QA is often called upon to deflect some percentage of bugs, which means it’s our obligation to test for as many different bugs as we can. Most of us find it uncontroversial to pursue a wide variety of test cases, spanning from the expected to the unexpected, and possibly even the malicious.
But how many of us are comfortable sitting across from the auditor and talking about security testing? This is a situation I’ve encountered multiple times in my industry. That fear is particularly real if the company doesn’t have solid security requirements, or doesn’t apply them to every project. QA needed to talk to information security to make sure we had it right.
Our information security team had a problem, too: How could they ensure that security requirements were met? Penetration testers, red teams, and dynamic scanning are all powerful ways to find the flaws in your software, but those are often applied post-release, when the software is already available to users—legitimate and otherwise. Static analysis tools offer some easier options for testing pre-production, and certification for those of us in regulated industries can go some distance to raising the bar for the attacker, if the items certified are sensible ones.

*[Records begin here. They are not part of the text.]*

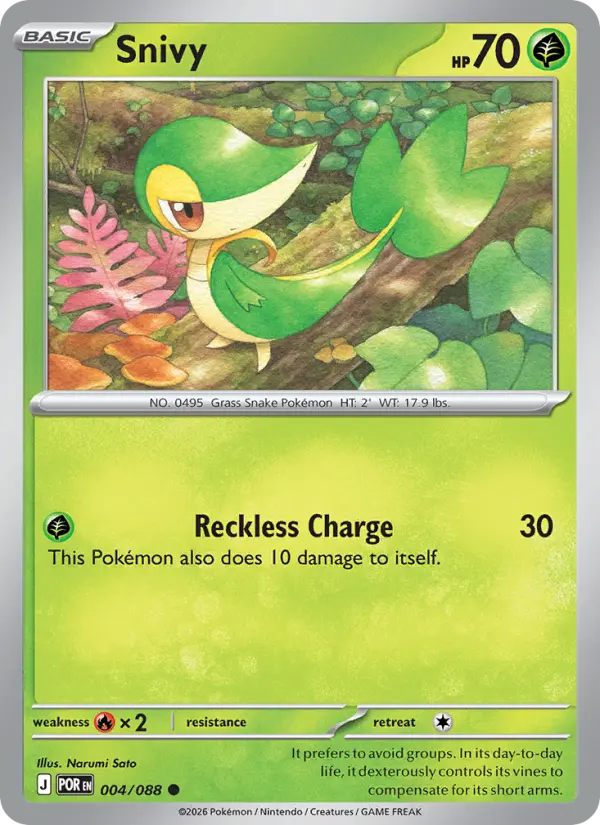 Snivy #004 — Perfect Order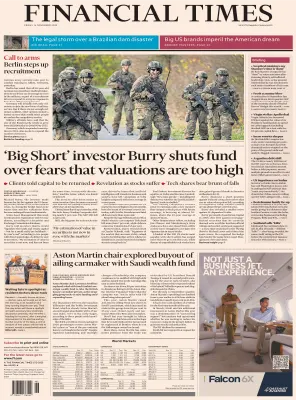 Financial Times UK November 14 2025
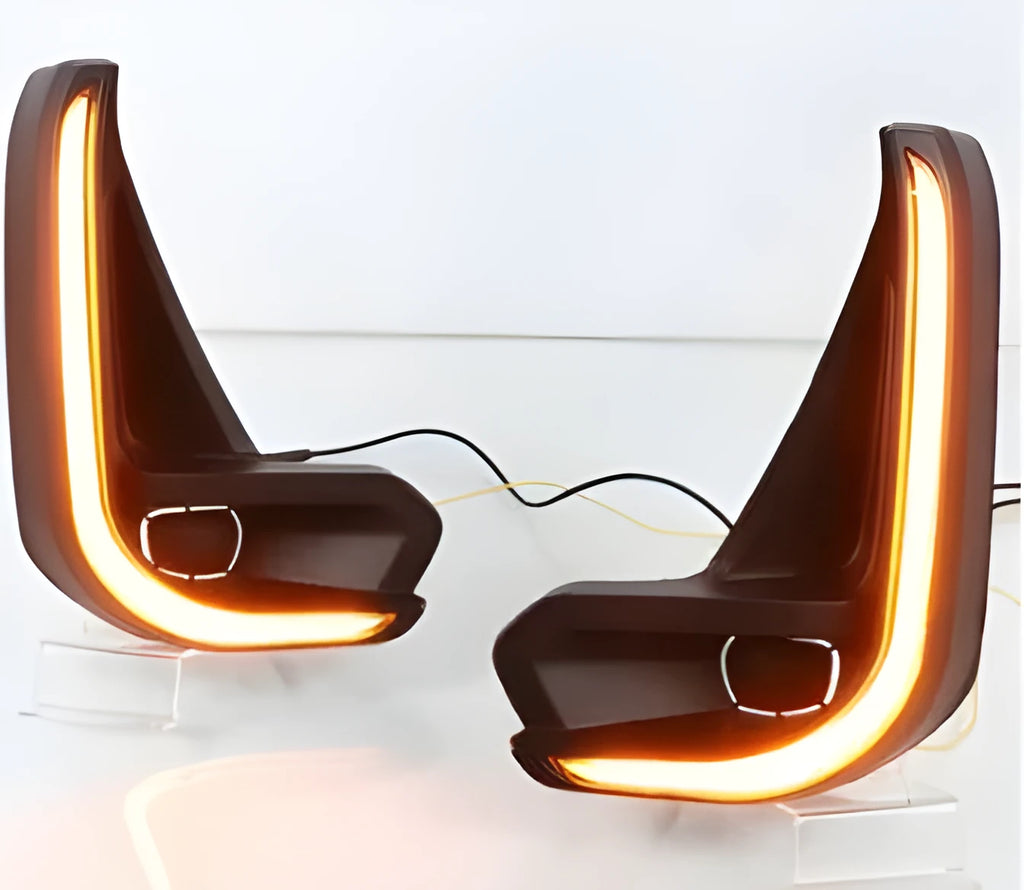 Toyota Hilux 20-21 LED daytime running light DRL fog light in yellow colour direct fit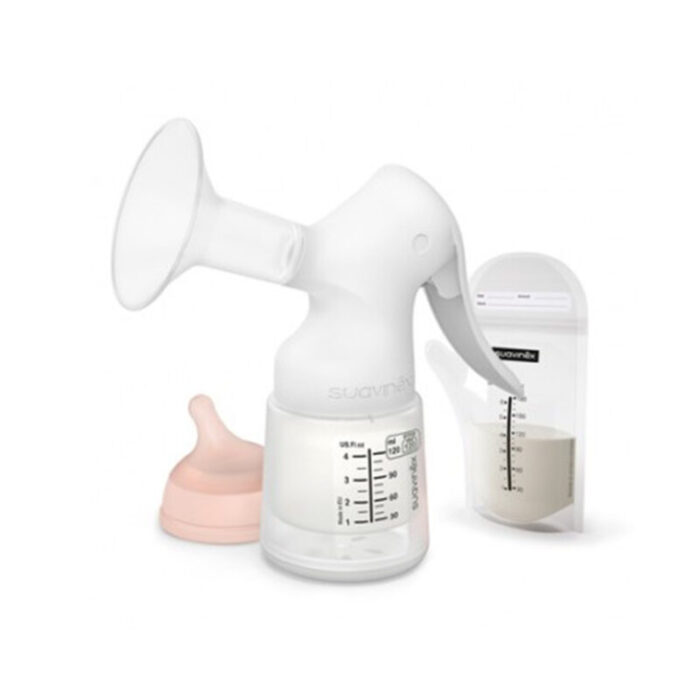 suavinex manual breast pump kit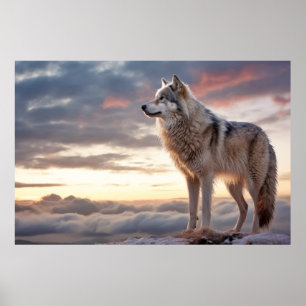 Wolf Animal Nature Majestic Wilderness Poster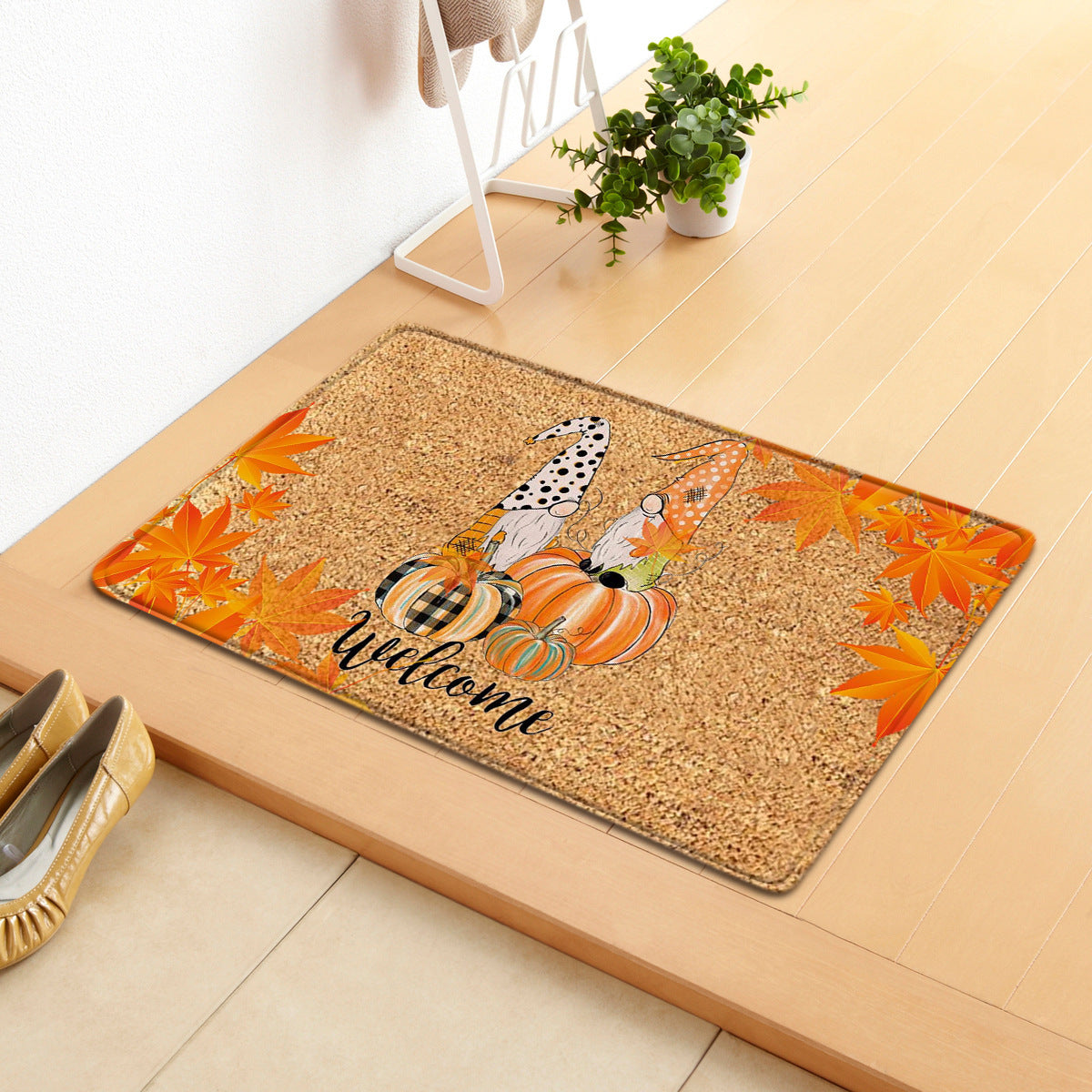 Thanksgiving Day Fall Autumn Pumpkin Doormat Thanksgiving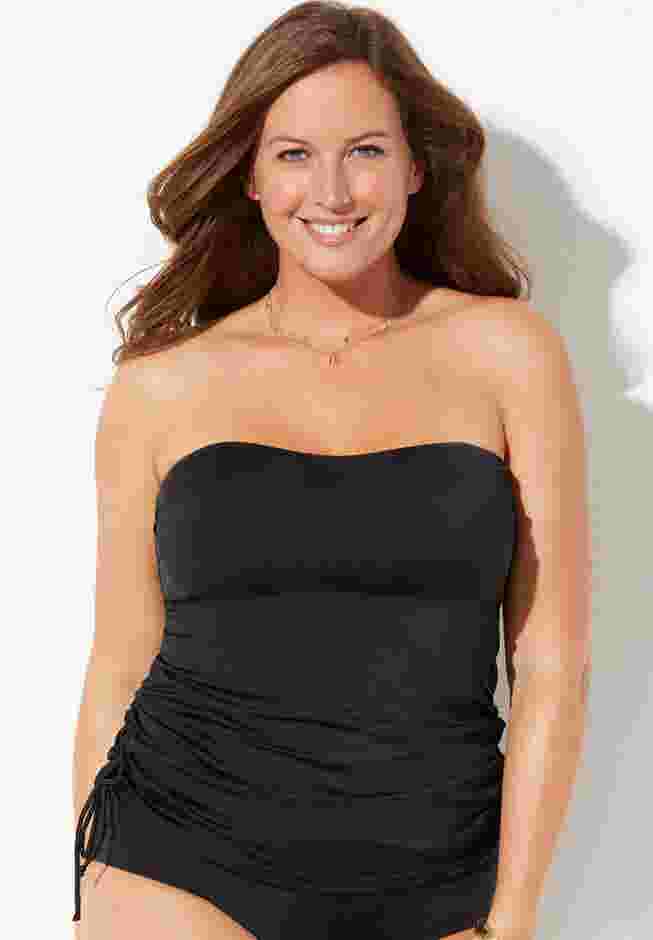 Bandeau Adjustable Tankini Top image number 3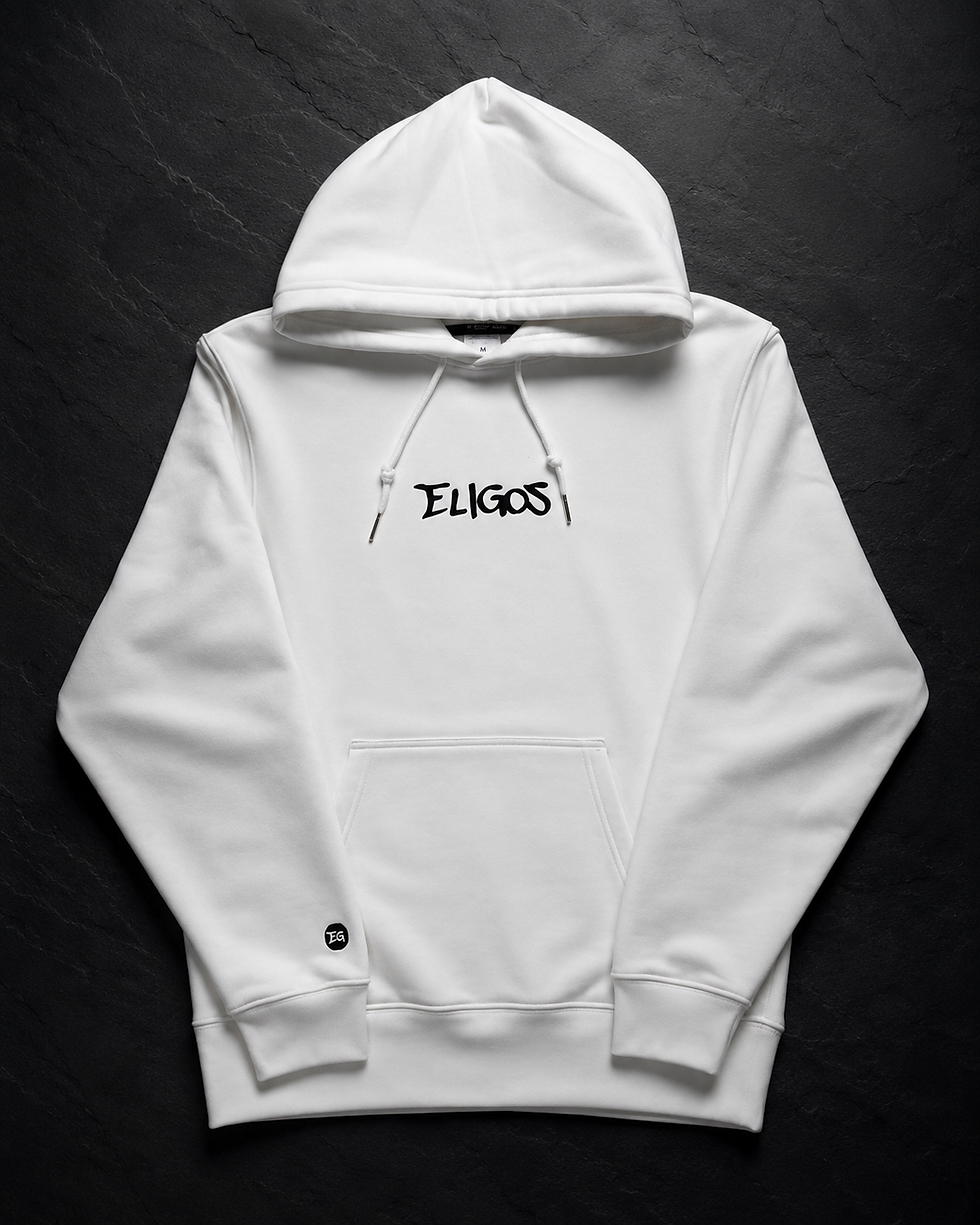 サムネイル： 【SALE】€ $ hoodie［white］
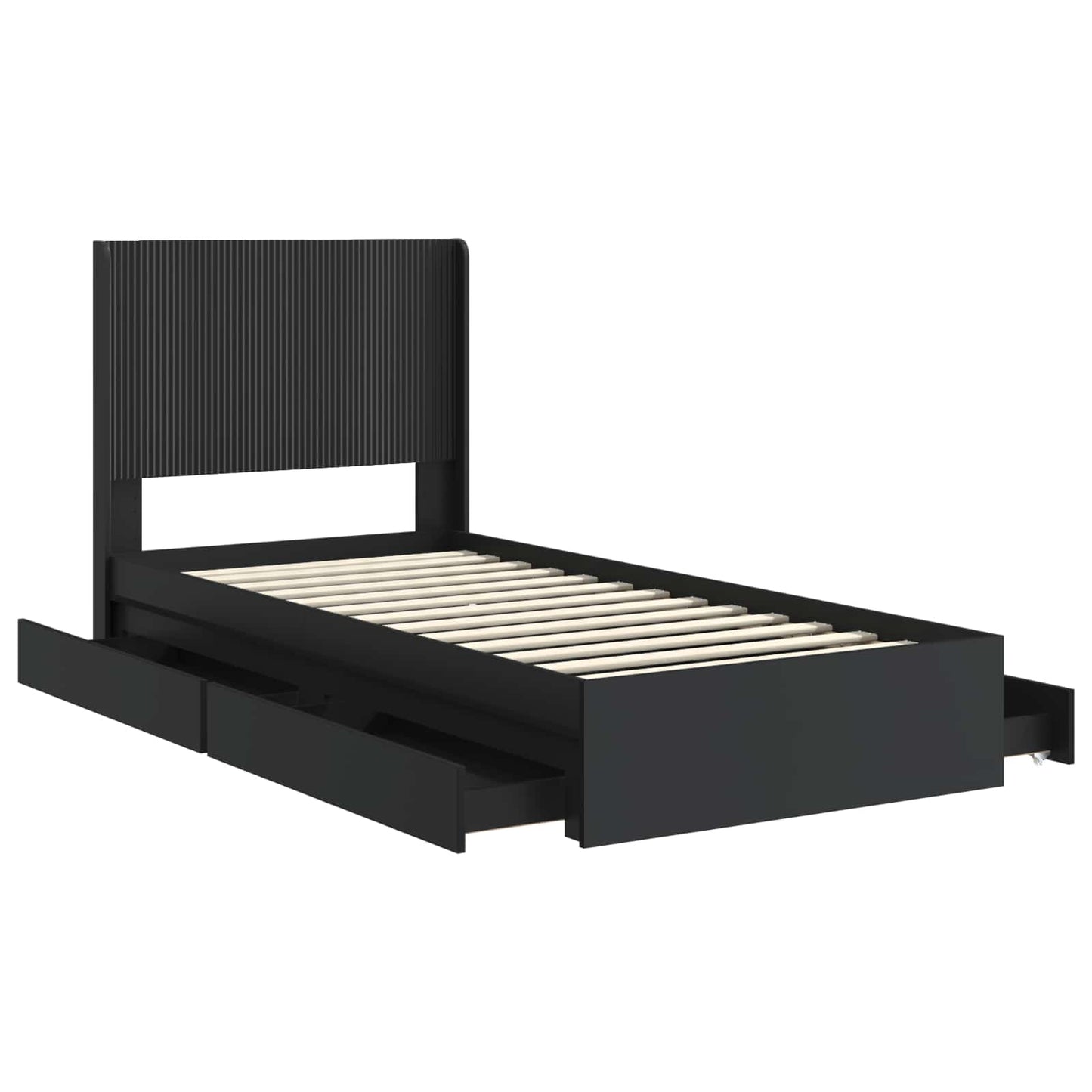 vidaXL Καλάθι με αποθήκη και κεφαλάρι Μαύρο 75 x 190 cm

All of those are good practices, but we found they didn’t go far enough. Many of our security bugs were appearing post-release, causing angst for the testers as well as frustration for the business. We had a huge opportunity to add value.
This is where I found myself a few years ago: with a fresh security bug, a business case in hand for why I should be given time to focus on finding more of them, and very little knowledge of how to do it efficiently. We had risk-based testing (RBT) practices in place already, but I had no idea at the time of how to isolate security risks. It was time to build skills. I took classes, did research, and talked to infosec. They taught me the basics of threat modeling.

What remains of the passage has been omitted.